Exercise input Block Start

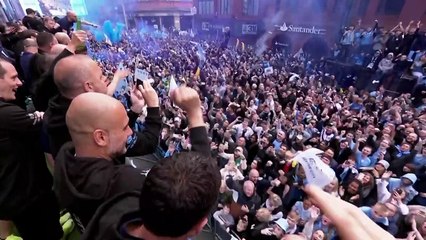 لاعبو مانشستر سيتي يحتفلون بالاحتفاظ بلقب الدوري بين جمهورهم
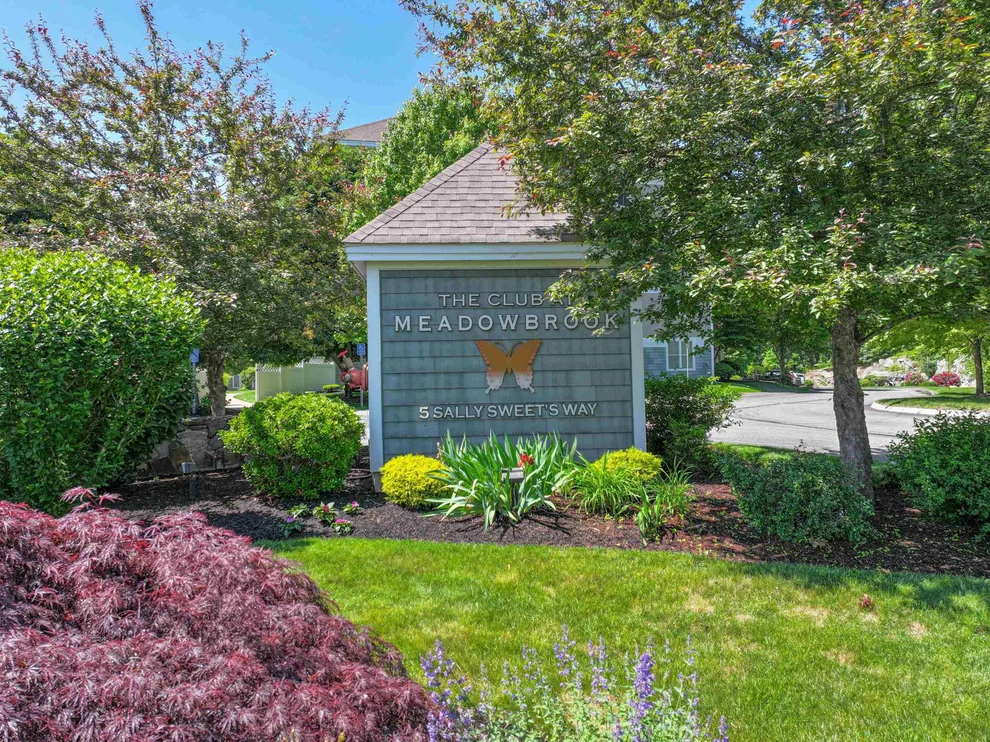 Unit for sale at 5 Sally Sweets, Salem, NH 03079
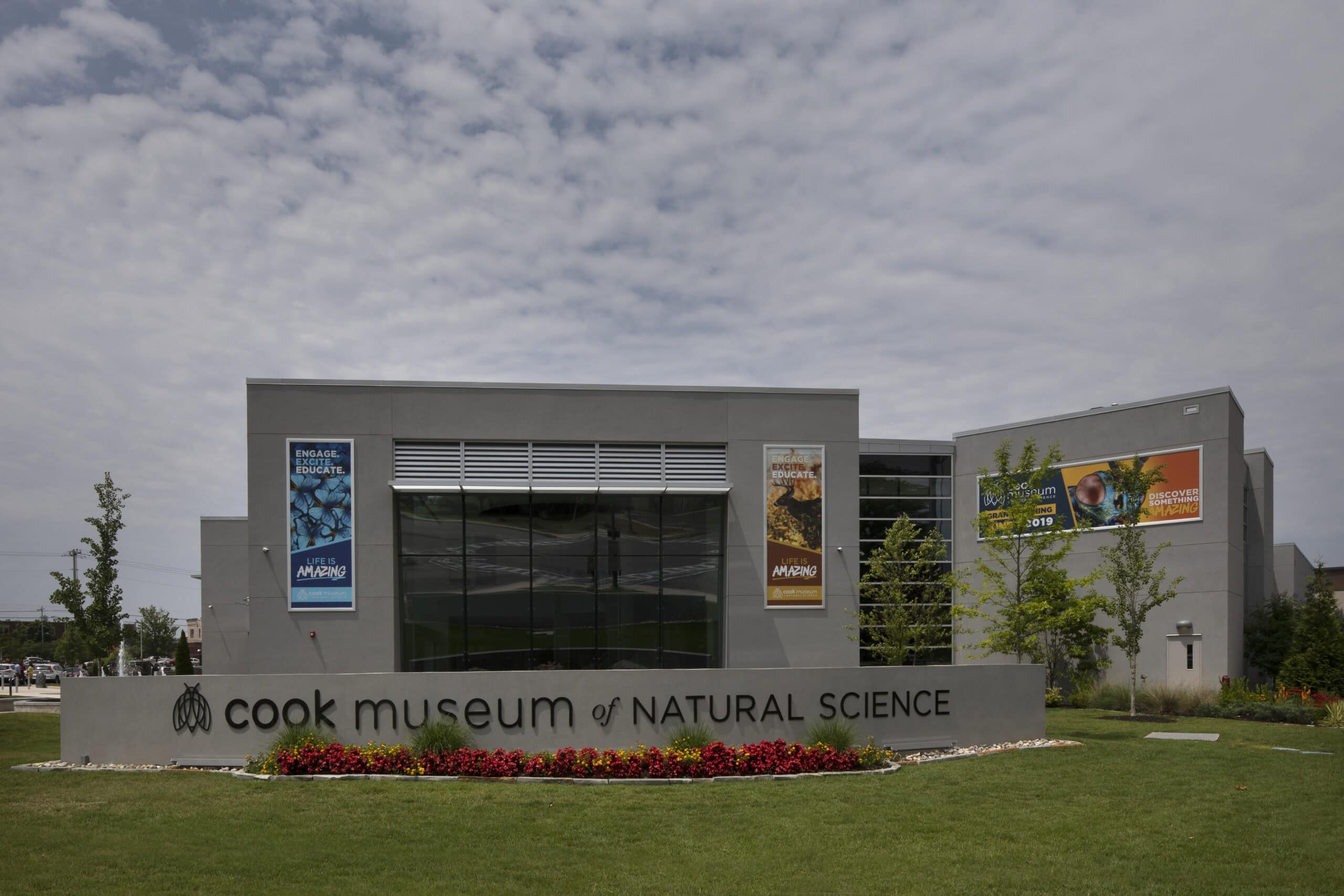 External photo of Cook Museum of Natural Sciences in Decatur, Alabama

Exercise input Block End
Exercise input Block Start

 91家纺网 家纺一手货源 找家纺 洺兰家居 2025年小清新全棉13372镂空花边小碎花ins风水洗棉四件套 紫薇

Exercise input Block End

Instructions to follow = Would you give again, exactly, the lines in the data above that run from the line containing "Unit for sale" to the line containing "External photo of"? Include both ends and no pictures.

Output of the exercise =
 Unit for sale at 5 Sally Sweets, Salem, NH 03079
 External photo of Cook Museum of Natural Sciences in Decatur, Alabama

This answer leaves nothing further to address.